Шрифт:
Интервал:
Закладка:
За похлебкой последовало обжаренное на костях мясо, салат, подливки, россыпь каких-то хрустящих кусочков, и вновь салат, и опять мясо, только уже в виде шариков, что, едва коснувшись языка, рассыпались, выстреливали фонтанчиками сока, настолько вкусного, что, не в силах выразить удовольствие, Шестерня лишь мычал, да тряс головой.
Негромко хрустнуло, под рукой возник глиняный горшочек, а мгновеньем позже ноздрей коснулся чарующий долгожданный запах. Не поворачивая головы, Шестерня облапил горшок, поднес к губам, хлебнул, и... оторвался лишь когда на язык шлепнулись последние капли.
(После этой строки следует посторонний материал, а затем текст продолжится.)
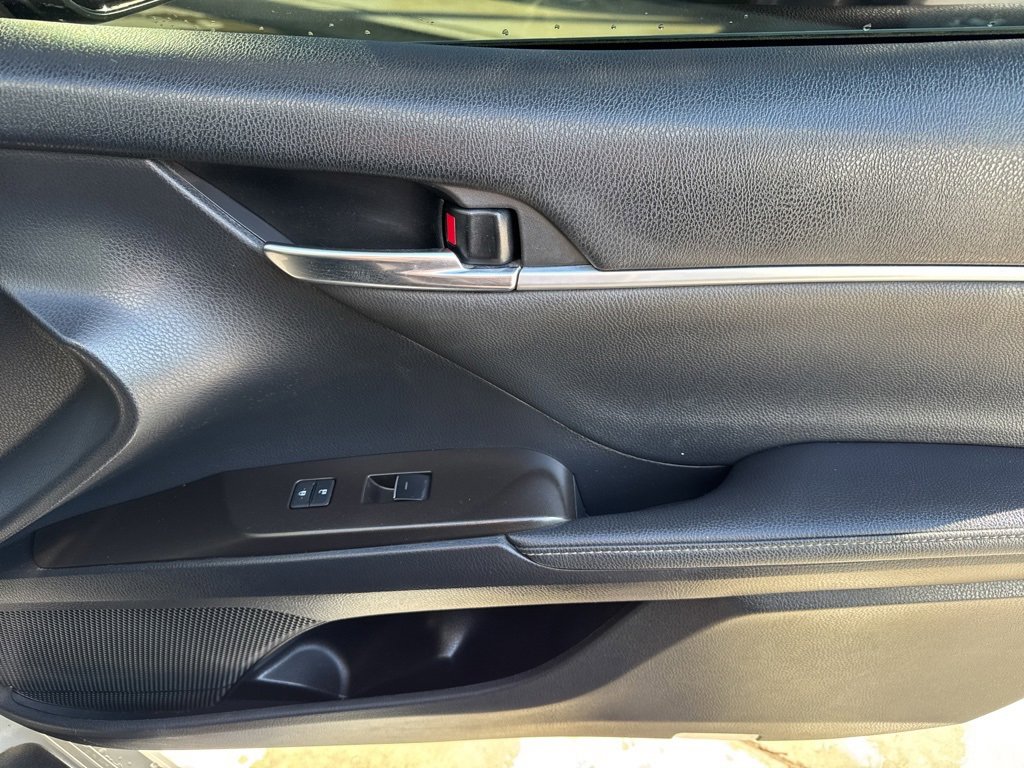 Used 2023 Toyota Camry XSE image 19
Когда, обтерев рукавом губы, и сыто рыгнув, Шестерня наконец отвлекся от еды, рядом протаяли лица помощников, залоснившиеся, с ярким румянцем на щеках и осоловелыми глазами. Судя по всему, парни времени зря не теряли, наевшись еще до его прихода, и теперь с умильными улыбками созерцают, как насыщается мастер.
Заметив, что Шестерня отвлекся от миски, Бегунец поинтересовался:
- Как прошел разговор, успешно?
- Более чем, - фыркнул Шестерня снисходительно. - Кто-то сомневался?
Зубило произнес задумчиво:
- Сомнения были. Вообще-то старосту уважают, но договориться с ним бывает очень тяжело.
- Может не то говорите, или не так? - Шестерня ухмыльнулся, добавил с насмешкой: - У вас тут, как погляжу, многое через задницу делается.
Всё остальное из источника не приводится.